For years now, the WSN has been advocating the line that the Monk has preached. We learnt it from our scriptures that cam directly from the Gurus. Sarbat Da Bhala is a motto that encompasses all that the Monk said and goes even further.

The ones that the Indian nation state treats as "terrorists" are also in many ways the victims of discrimination and injustice. They lost their chance to speak out. So we must speak out for what they suffered. The state must deal with terrorists the way they should be dealt, but it must deal with terrorism in a way so that there is no need for someone to go become what newspapers like those classified under "mainstream Indian media" are called terrorists.

"A war on terror cannot succeed, because you cannot bomb perceptions. The only solution is dialogue.'' This was The Monk talking. Was the Indian Nation State listening?

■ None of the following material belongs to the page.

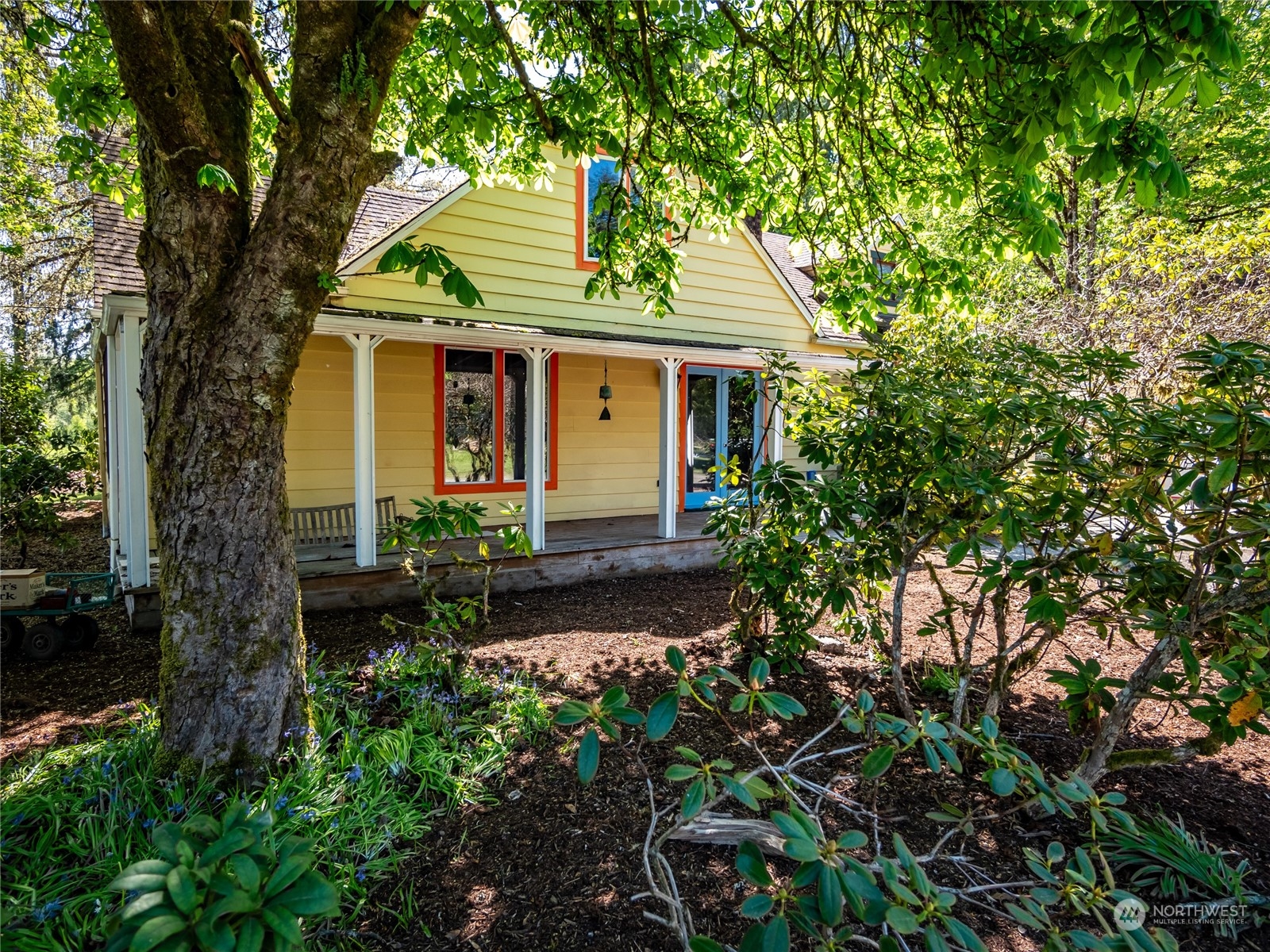 4923 Lemon Road Northeast Olympia, WA 98506 - Photo 6 of 40 Gallery Image 6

There is suffering inside a terrorist too. We need to take the suffering away so that he can no more be seen as a terrorist. Most terrorists are terrorists because they have been terrorised enough to become one. 

The monk’s words will be anathema to the nation states that rush to stereotype because stereotyping involves shutting channels and your own ears. When Thich Nhat Hahn was asked soon after 9/ in New York as to what he would tell Osama Bin Laden if he met him, he replied that he would listen to him first.  

Compare it to the situation in India where our sense of safety comes in demanding that a person condemned to death row on the basis of evidence questioned by India’s best intellectual minds be hanged as quickly as possible, and even more draconian laws be enacted and all talk of human rights be shunned. We talk of the terror of the Human Rights walas. The country has had a rash of bombings and no lessons learnt. Hindutva terrorists are killing Christians and the nation state is condemned to debate the issue of conversions.

“Terrorists are also victims. They are victims of the information they have got, they are victims of their own perceptions and that is why it’s very important that we try to understand them.” Was the monk trying to shame India?